Die Leitlinien und Empfehlungen sind zwar rechtlich nicht verbindlich. Wenn die nationalen Aufsichtsbehörden diesen nicht folgen wollen, müssen sie innerhalb einer bestimmten Frist jedoch den Grund hierfür mitteilen.

Die ESAs haben zwar die Befugnis, in Krisenfällen Maßnahmen von den nationalen Aufsichtsbehörden zu verlangen. Unmittelbare Durchgriffsrechte auf Institute und Unternehmen in den Mitgliedsstaaten bzw. eigene Prüfungsrechte haben sie jedoch nicht. Die laufende Überwachung der Institute und die dafür erforderlichen Prüfungsrechte sowie Exekutions- und Sanktionsmaßnahmen ist bei der Geldwäscheprävention also auch in Zukunft Aufgabe der nationalen Aufsichtsbehörden, in Deutschland der Bundesanstalt für Finanzdienstleistungsaufsicht (BaFin).

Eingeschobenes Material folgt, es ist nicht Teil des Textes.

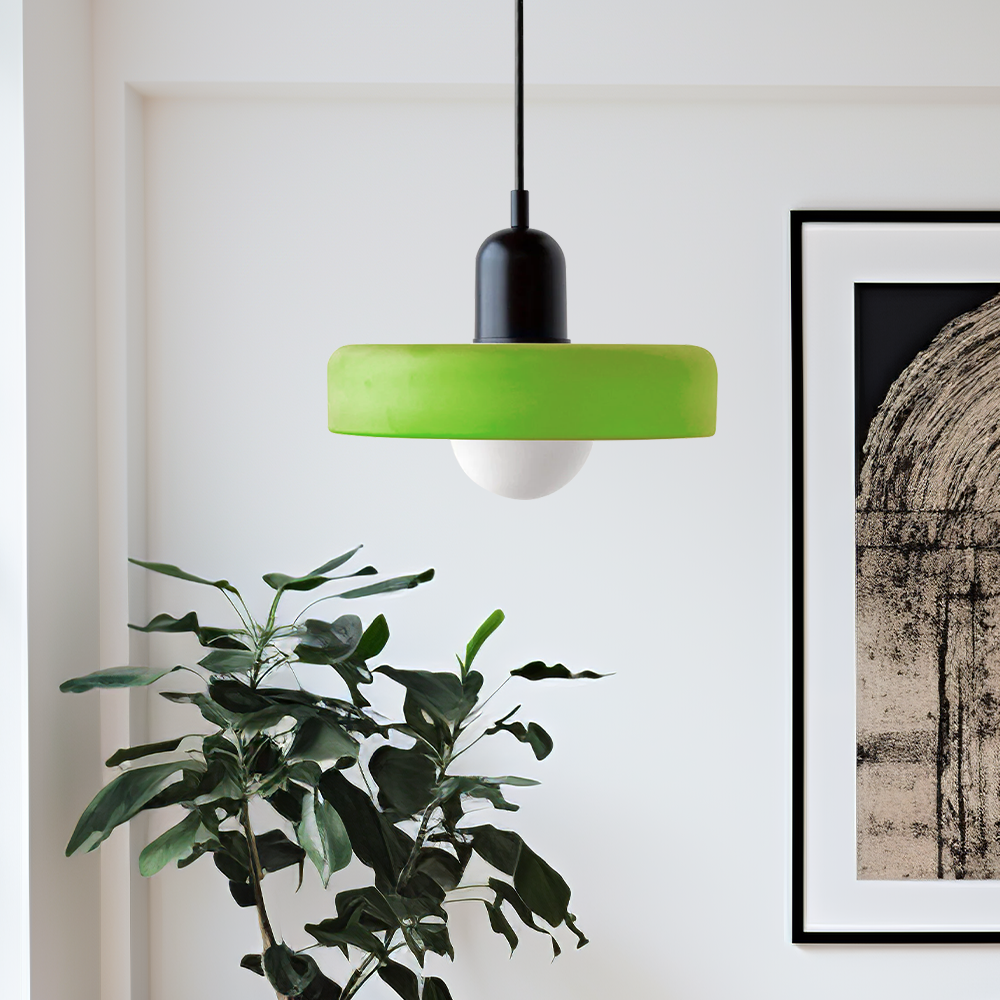 Suspension Bauhaus - Lampe Moderne en Verre, Design Élégant et Fonctionnel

Strukturelle Probleme der Europäischen Finanzaufsichtsbehörden bestehen ungeschmälert fort

Seit dem 1. Januar 2020 soll die EBA nunmehr die führende, koordinierende und überwachende Rolle auf Unionsebene bei der Verhinderung der Geldwäsche und Terrorismusfinanzierung einnehmen und über diverse Maßnahmen eine fehlende Vollharmonisierung der in der Geldwäscherichtlinie geregelten Sorgfaltspflichten mehr schlecht als recht ausgleichen. Eine Aufsichtsbehörde auf dem Gebiet der Geldwäschebekämpfung wird sie jedoch dadurch nicht. Die mehrfach aktualisierte und fortgeschriebene EU-Geldwäscherichtlinie regelt nur Mindestanforderungen. Der Regelungsinhalt der Umsetzungsgesetze in den Mitgliedsstaaten ist somit nicht inhaltsgleich und weicht voneinander ab. Soweit vor diesem problematischen Hintergrund möglich, soll die EBA ihre neue Rolle primär dazu nutzen, eine größere Harmonisierung der nationalen Ansätze zur Bekämpfung der Geldwäsche und Terrorismusfinanzierung sicherzustellen und für eine einheitliche Umsetzungspraxis zu sorgen.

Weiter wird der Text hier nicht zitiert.